Introduction
Azure Data Factory is a cloud based integration service that allows you to transfer data from disparate cloud and on premise data sources to various data storage destinations. This is similar to another on premise ETL tool, SQL Server Integration Service (SSIS), provided by Microsoft.
SSIS has been used to design and develop a robust ETL to extract, transform and load the data either in a data warehouse or any other data storage. Similar to SSIS, Microsoft launched Azure Data Factory data service to define work flows to achieve data transfer and data transformation activities on the cloud. Azure Data Factory not only supports data transfer but also supports a rich set of transformations like deriving the columns, sorting data, combining the data, etc. Azure Data Factory is a bit different in terms of how data flows from the source to destination compared to on premise based SSIS. Azure Data Factory supports Extract-Load and Transform-Load flows before the data is published for its consumption rather than a traditional flow Extract-Transform-and-Load.
Azure Data Factory Components
We have four major components to achieve end to end data integration on the cloud using Azure Data Factory. These components are as follows:
- Pipeline – Pipeline is the data-driven workflow. A pipeline can consist of one or more workflows and a factory can have one or more pipelines. The workflow has an activity or a group of activities to be performed. This kind of grouping helps to improve manageability of a group of activities as a set.
- Activity – Activity is an action to be performed on data. there are two types of activities, one is data movement activities and the second is data transformation activities. Also, Azure Data Factory provides flexibility to customize the task using .Net.
- Datasets – a dataset is the data referred by an activity. An activity will reference one or more datasets as input and one or more datasets as output.
- Linked Services – A linked service is the service which helps to connect the data source. Once the connection establishes with a data source, an activity can be performed on a dataset available on the data source. Generally, this linked service is like a connection string.
Data Orchestration Using Azure Data Factory
To transfer or move the data from the source to destination we need to define a workflow. This data-driven workflow is known as a pipeline. This pipeline consists of three steps – Connect & Collect, Transform & Enrich and Publish.
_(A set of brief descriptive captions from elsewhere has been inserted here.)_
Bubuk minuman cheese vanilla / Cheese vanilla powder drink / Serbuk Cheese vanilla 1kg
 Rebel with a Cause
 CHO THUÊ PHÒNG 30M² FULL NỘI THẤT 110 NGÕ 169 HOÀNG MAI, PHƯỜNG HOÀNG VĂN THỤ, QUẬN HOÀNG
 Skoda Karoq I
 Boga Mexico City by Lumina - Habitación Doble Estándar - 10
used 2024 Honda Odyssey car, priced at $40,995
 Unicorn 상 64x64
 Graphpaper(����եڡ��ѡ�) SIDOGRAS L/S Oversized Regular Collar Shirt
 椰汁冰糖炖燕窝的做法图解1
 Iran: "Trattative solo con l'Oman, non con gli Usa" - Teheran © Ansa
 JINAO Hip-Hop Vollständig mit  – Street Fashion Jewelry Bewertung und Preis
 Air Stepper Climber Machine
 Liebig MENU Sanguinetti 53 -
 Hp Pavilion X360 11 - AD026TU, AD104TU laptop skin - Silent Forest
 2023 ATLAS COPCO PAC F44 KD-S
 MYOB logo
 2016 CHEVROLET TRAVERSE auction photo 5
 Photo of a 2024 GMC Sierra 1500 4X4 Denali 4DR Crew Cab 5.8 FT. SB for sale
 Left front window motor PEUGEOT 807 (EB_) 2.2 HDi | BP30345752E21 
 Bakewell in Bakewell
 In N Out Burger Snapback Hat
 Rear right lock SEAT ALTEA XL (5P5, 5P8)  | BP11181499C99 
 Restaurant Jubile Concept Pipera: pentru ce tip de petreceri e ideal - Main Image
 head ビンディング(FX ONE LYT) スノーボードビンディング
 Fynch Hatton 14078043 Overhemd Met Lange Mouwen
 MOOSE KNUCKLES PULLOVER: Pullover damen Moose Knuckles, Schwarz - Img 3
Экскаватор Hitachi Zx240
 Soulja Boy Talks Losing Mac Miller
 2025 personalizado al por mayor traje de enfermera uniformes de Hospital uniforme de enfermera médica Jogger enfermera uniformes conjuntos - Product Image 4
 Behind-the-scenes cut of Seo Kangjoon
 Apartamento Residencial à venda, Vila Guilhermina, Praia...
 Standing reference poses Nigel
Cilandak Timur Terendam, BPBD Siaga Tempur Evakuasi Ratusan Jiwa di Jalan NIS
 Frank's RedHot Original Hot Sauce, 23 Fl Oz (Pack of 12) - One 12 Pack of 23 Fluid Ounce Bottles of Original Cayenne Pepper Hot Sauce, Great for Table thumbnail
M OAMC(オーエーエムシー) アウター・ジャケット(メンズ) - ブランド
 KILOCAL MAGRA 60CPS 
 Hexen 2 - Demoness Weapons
Figure 1. Azure Data Factory Data Orchestration
Connect & Collect – This is the first part of flow – Extract-Load. In this flow, we need to collect data from disparate sources to a centralized cloud location. The data sources can be a cloud storage or on premise storage or combination of both. In this step, all components of data factory will be used. A pipeline will be defined with one or more activities to perform some action on source datasets. The whole execution will be done with the help of linked services as this linked service will help to connect the sources.
Transform & Enrich – in this step, data enrichment will be achieved. All the data collected in previous steps on a cloud storage will be available to apply all kinds of transformation and enrichment. We can apply all the business rules to enrich the data and make transformed data ready to publish.
Publish – this is the last step in any defined pipeline where transformed data will be published. The final data will be sent to the destination storage, which is known as the data sink. This published data will be available for consumption. All users or business members can connect to the data sink and use the data as per their need.
Pipeline Scheduling
Once we create the pipeline, we can schedule the execution of this pipeline. This scheduling will help to publish the data more frequently and data will be available for consumption in real time. All data consumers can see the data without any delay. The available frequencies are Minute, Hour, Day, Week, and Month to execute the pipeline.
Overall, Azure Data Factory is a cloud based data integration service to transform & enrich, and publish the data, which is extracted from disparate data sources. This service provides the opportunity to ingest data from disparate data sources, transform and analyze the data by using other services like Azure HDInsight Hadoop, Spark, Azure Data Lake Analytics, and Azure Machine Learning, and publish output data to data sinks like Azure SQL Data Warehouse, Azure Cosmos DB, Azure Table Storage for business members and application users to consume.
In future articles, we will learn more about Azure Data Factory’s functionality and will accomplish some hands on exercise.